Professor Ian Cumming, chief executive of HEE, told delegates at NHS Confederation’s conference that the Government has had to revise down its estimates on the number of GPs in the workforce – as reported previously by Pulse.

But he added that this was partly due to the changes in working patterns for younger GPs.

Professor Cumming told delegates that GPs used to work on average the equivalent of 0.9 WTE, but this has dropped to 0.83 as more millennial GPs enter the workforce.

As a result of this, the number of full-time-equivalent doctors in the system has reduced.

He said: ‘Our workforce are choosing to work fewer hours. Part of this is because of generation Y and Z and millennials starting to come through, who are increasingly not wanting to work the same number of hours that many of the baby boomers and generation X want to work.’

The HEE chief executive said that the figures from NHS Digital mean that the NHS is getting 10% fewer clinical hours out of each GP over the past few years, which equates to 10% fewer GPs in the workforce.

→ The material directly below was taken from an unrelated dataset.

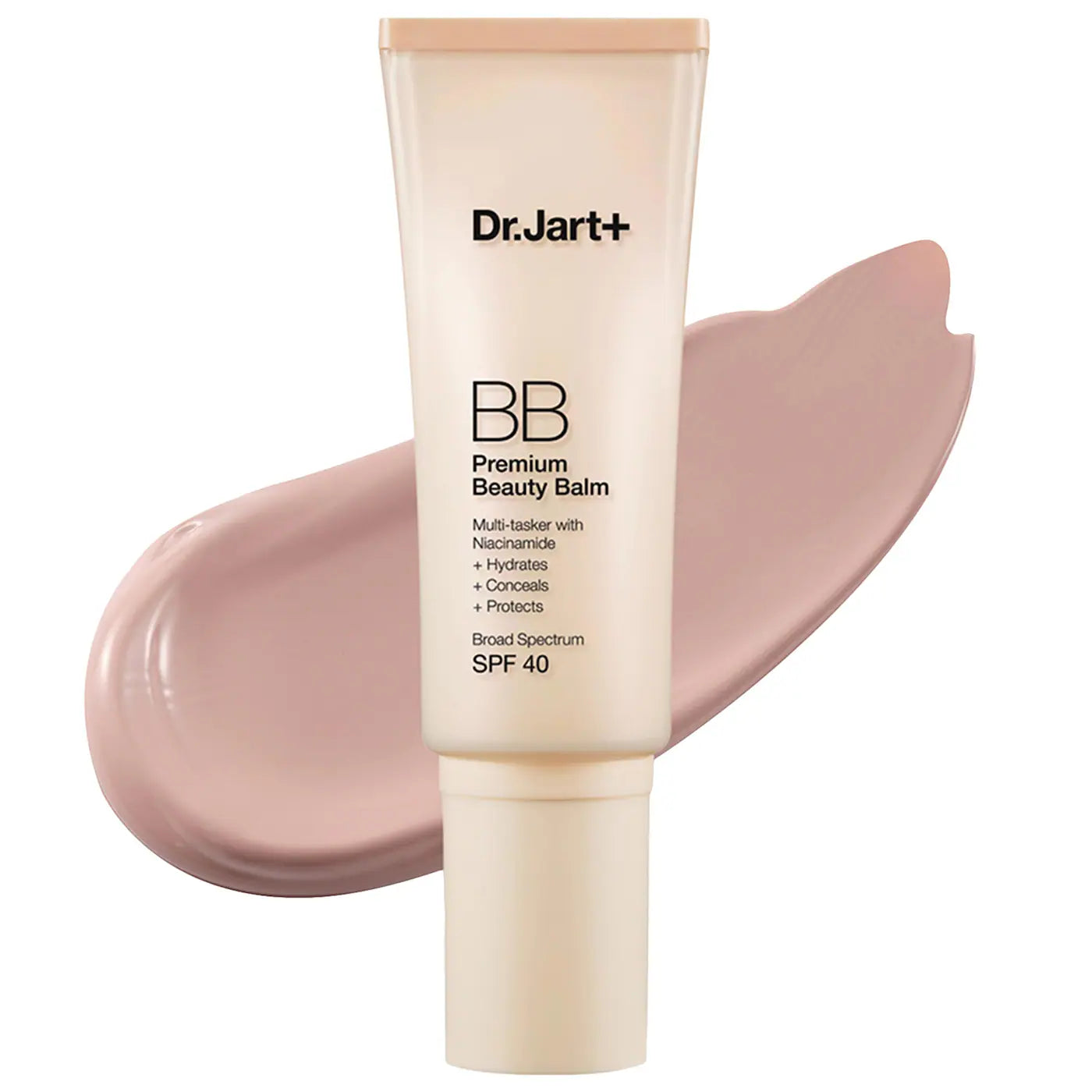 Dr. Jart+ Premium BB Tinted Moisturizer with Niacinamide and SPF 40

Professor Cumming said: ‘Another way of putting that is you’re dealing with 10% more patients, you’re under 10% more pressure.’

The trend is likely to continue and grow, he added, ‘so we have to be mindful of that, that we aren’t getting the same number of hours out of every clinician as we used to’.

Professor Cumming also addressed the Government’s plan to increase the number of medical students by 1,500 by 2019.

He said 500 of those places have been allocated, with 1,000 more to start in 2019.

But he cautioned delegates not to get ‘carried away about the immediate benefits of that’, adding that it is ’11 years before these people are GPs’.

He said: ‘We need to do it because we need to get our workforce right but it’s not a short-term fix.’